Transcribe the material verbatim, starting at its first line and stopping once the line containing "八年级物理下册 第六章 常见的光学仪器" has been given; no picture should appear.

::: Information provided :::

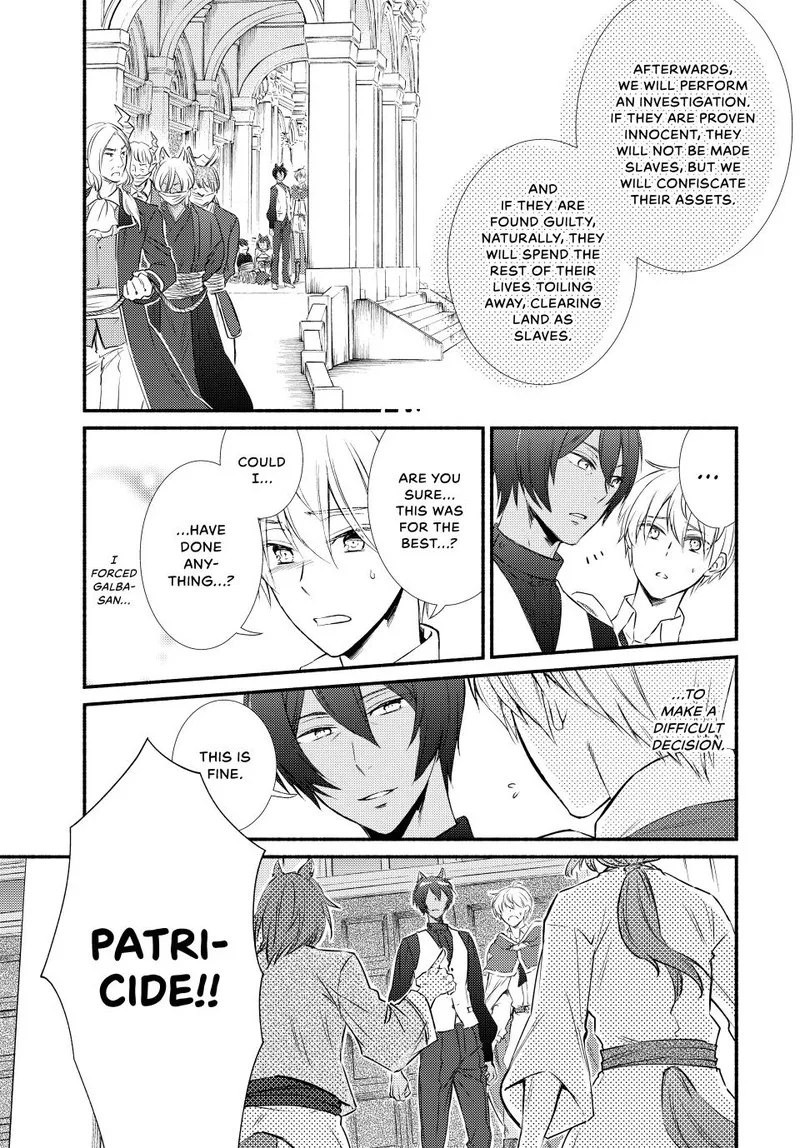 Seija Musou - Sarariiman, Isekai de Ikinokoru Tame ni Ayumu Michi Chapter 83 page 27
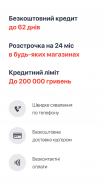 Alfa-Mobile Ukraine screenshot 4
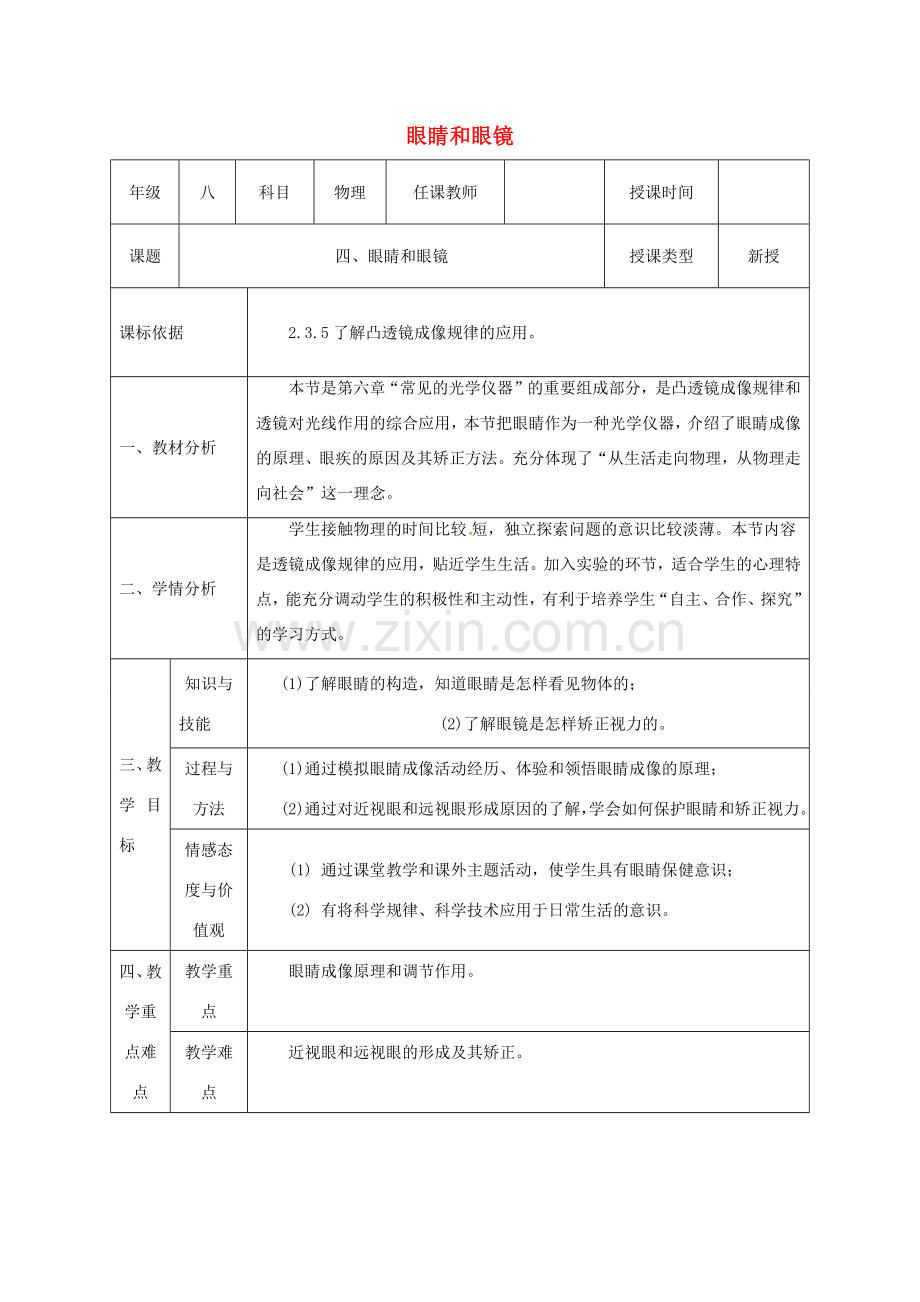 八年级物理下册 第六章 常见的光学仪器 四 眼睛和眼镜教案 （新版）北师大版-（新版）北师大版初中八年级下册物理教案.docx_第1页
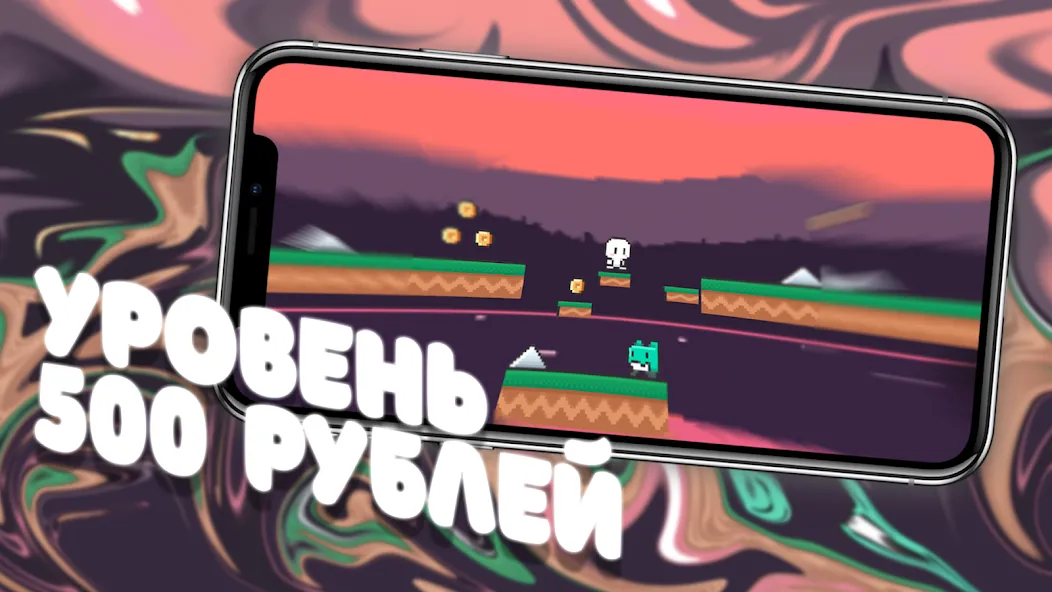 Чебупелька [MOD: много монет и все уровни открыты] Screenshot 3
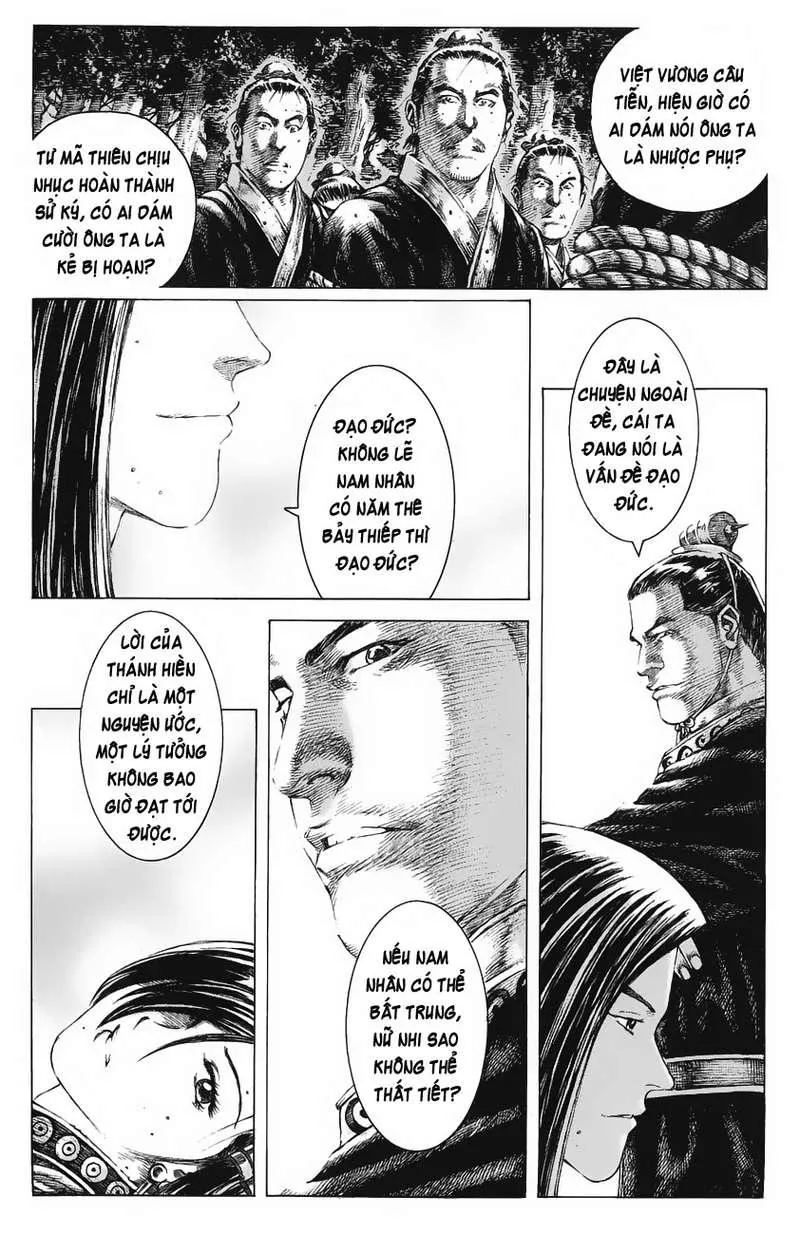 Trang 21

:::

Answer:
 Seija Musou - Sarariiman, Isekai de Ikinokoru Tame ni Ayumu Michi Chapter 83 page 27
 Alfa-Mobile Ukraine screenshot 4
 八年级物理下册 第六章 常见的光学仪器 四 眼睛和眼镜教案 （新版）北师大版-（新版）北师大版初中八年级下册物理教案.docx_第1页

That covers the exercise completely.